• What you should do: Reproduce the records in full. Alter nothing.

• Exercise inputs:
--------------------------------------------------
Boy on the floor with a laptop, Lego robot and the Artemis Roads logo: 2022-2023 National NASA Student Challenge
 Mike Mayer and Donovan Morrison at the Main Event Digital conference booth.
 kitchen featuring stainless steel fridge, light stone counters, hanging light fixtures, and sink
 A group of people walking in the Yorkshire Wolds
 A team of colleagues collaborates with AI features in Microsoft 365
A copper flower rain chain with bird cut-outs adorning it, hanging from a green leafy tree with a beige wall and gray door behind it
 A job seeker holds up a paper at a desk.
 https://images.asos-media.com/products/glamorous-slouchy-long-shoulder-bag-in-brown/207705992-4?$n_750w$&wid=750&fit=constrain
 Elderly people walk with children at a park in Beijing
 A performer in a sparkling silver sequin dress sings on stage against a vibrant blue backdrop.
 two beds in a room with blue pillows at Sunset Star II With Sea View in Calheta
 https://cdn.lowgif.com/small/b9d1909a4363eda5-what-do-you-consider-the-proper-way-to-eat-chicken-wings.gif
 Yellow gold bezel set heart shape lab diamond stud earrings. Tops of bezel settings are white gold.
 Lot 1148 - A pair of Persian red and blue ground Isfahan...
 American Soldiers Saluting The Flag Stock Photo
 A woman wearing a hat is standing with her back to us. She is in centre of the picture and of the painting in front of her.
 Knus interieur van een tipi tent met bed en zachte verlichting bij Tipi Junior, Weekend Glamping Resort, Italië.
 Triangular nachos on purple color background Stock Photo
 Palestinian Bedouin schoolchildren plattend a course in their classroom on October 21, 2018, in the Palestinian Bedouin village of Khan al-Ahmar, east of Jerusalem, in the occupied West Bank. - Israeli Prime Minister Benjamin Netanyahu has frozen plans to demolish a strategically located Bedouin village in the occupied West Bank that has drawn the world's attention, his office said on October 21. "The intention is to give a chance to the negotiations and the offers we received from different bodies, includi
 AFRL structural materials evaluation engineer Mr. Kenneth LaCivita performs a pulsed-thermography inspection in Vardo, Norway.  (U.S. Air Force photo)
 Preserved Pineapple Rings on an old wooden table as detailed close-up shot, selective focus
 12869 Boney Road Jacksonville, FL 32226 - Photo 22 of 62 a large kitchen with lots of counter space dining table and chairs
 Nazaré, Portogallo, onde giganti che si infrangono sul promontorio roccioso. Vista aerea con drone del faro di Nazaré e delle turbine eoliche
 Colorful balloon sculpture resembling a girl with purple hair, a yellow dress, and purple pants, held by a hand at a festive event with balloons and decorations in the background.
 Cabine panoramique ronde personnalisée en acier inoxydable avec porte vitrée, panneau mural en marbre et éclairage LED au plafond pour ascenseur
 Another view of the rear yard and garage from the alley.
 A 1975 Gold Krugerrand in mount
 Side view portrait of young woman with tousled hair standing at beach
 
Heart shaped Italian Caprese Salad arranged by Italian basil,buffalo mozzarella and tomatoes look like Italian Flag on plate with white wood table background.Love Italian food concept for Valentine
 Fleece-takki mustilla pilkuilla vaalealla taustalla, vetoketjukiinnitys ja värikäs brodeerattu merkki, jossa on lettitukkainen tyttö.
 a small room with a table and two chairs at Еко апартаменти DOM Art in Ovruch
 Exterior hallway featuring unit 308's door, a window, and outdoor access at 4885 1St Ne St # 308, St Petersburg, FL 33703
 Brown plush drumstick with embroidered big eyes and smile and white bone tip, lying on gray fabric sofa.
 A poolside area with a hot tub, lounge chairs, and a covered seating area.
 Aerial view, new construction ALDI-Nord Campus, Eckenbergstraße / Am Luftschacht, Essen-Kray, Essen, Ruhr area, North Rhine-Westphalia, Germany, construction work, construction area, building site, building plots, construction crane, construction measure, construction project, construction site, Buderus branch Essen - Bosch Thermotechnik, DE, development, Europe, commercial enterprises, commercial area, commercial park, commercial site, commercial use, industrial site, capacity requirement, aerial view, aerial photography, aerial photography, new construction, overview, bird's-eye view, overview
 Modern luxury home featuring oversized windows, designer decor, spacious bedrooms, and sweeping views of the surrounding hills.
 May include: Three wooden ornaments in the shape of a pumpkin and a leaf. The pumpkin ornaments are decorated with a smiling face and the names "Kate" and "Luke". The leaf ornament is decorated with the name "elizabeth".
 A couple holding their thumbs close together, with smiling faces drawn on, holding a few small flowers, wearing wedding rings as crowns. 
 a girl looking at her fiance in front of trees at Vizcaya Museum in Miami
--------------------------------------------------
• Solved problem:
Boy on the floor with a laptop, Lego robot and the Artemis Roads logo: 2022-2023 National NASA Student Challenge
 Mike Mayer and Donovan Morrison at the Main Event Digital conference booth.
 kitchen featuring stainless steel fridge, light stone counters, hanging light fixtures, and sink
 A group of people walking in the Yorkshire Wolds
 A team of colleagues collaborates with AI features in Microsoft 365
A copper flower rain chain with bird cut-outs adorning it, hanging from a green leafy tree with a beige wall and gray door behind it
 A job seeker holds up a paper at a desk.
 https://images.asos-media.com/products/glamorous-slouchy-long-shoulder-bag-in-brown/207705992-4?$n_750w$&wid=750&fit=constrain
 Elderly people walk with children at a park in Beijing
 A performer in a sparkling silver sequin dress sings on stage against a vibrant blue backdrop.
 two beds in a room with blue pillows at Sunset Star II With Sea View in Calheta
 https://cdn.lowgif.com/small/b9d1909a4363eda5-what-do-you-consider-the-proper-way-to-eat-chicken-wings.gif
 Yellow gold bezel set heart shape lab diamond stud earrings. Tops of bezel settings are white gold.
 Lot 1148 - A pair of Persian red and blue ground Isfahan...
 American Soldiers Saluting The Flag Stock Photo
 A woman wearing a hat is standing with her back to us. She is in centre of the picture and of the painting in front of her.
 Knus interieur van een tipi tent met bed en zachte verlichting bij Tipi Junior, Weekend Glamping Resort, Italië.
 Triangular nachos on purple color background Stock Photo
 Palestinian Bedouin schoolchildren plattend a course in their classroom on October 21, 2018, in the Palestinian Bedouin village of Khan al-Ahmar, east of Jerusalem, in the occupied West Bank. - Israeli Prime Minister Benjamin Netanyahu has frozen plans to demolish a strategically located Bedouin village in the occupied West Bank that has drawn the world's attention, his office said on October 21. "The intention is to give a chance to the negotiations and the offers we received from different bodies, includi
 AFRL structural materials evaluation engineer Mr. Kenneth LaCivita performs a pulsed-thermography inspection in Vardo, Norway.  (U.S. Air Force photo)
 Preserved Pineapple Rings on an old wooden table as detailed close-up shot, selective focus
 12869 Boney Road Jacksonville, FL 32226 - Photo 22 of 62 a large kitchen with lots of counter space dining table and chairs
 Nazaré, Portogallo, onde giganti che si infrangono sul promontorio roccioso. Vista aerea con drone del faro di Nazaré e delle turbine eoliche
 Colorful balloon sculpture resembling a girl with purple hair, a yellow dress, and purple pants, held by a hand at a festive event with balloons and decorations in the background.
 Cabine panoramique ronde personnalisée en acier inoxydable avec porte vitrée, panneau mural en marbre et éclairage LED au plafond pour ascenseur
 Another view of the rear yard and garage from the alley.
 A 1975 Gold Krugerrand in mount
 Side view portrait of young woman with tousled hair standing at beach
 
Heart shaped Italian Caprese Salad arranged by Italian basil,buffalo mozzarella and tomatoes look like Italian Flag on plate with white wood table background.Love Italian food concept for Valentine
 Fleece-takki mustilla pilkuilla vaalealla taustalla, vetoketjukiinnitys ja värikäs brodeerattu merkki, jossa on lettitukkainen tyttö.
 a small room with a table and two chairs at Еко апартаменти DOM Art in Ovruch
 Exterior hallway featuring unit 308's door, a window, and outdoor access at 4885 1St Ne St # 308, St Petersburg, FL 33703
 Brown plush drumstick with embroidered big eyes and smile and white bone tip, lying on gray fabric sofa.
 A poolside area with a hot tub, lounge chairs, and a covered seating area.
 Aerial view, new construction ALDI-Nord Campus, Eckenbergstraße / Am Luftschacht, Essen-Kray, Essen, Ruhr area, North Rhine-Westphalia, Germany, construction work, construction area, building site, building plots, construction crane, construction measure, construction project, construction site, Buderus branch Essen - Bosch Thermotechnik, DE, development, Europe, commercial enterprises, commercial area, commercial park, commercial site, commercial use, industrial site, capacity requirement, aerial view, aerial photography, aerial photography, new construction, overview, bird's-eye view, overview
 Modern luxury home featuring oversized windows, designer decor, spacious bedrooms, and sweeping views of the surrounding hills.
 May include: Three wooden ornaments in the shape of a pumpkin and a leaf. The pumpkin ornaments are decorated with a smiling face and the names "Kate" and "Luke". The leaf ornament is decorated with the name "elizabeth".
 A couple holding their thumbs close together, with smiling faces drawn on, holding a few small flowers, wearing wedding rings as crowns. 
 a girl looking at her fiance in front of trees at Vizcaya Museum in Miami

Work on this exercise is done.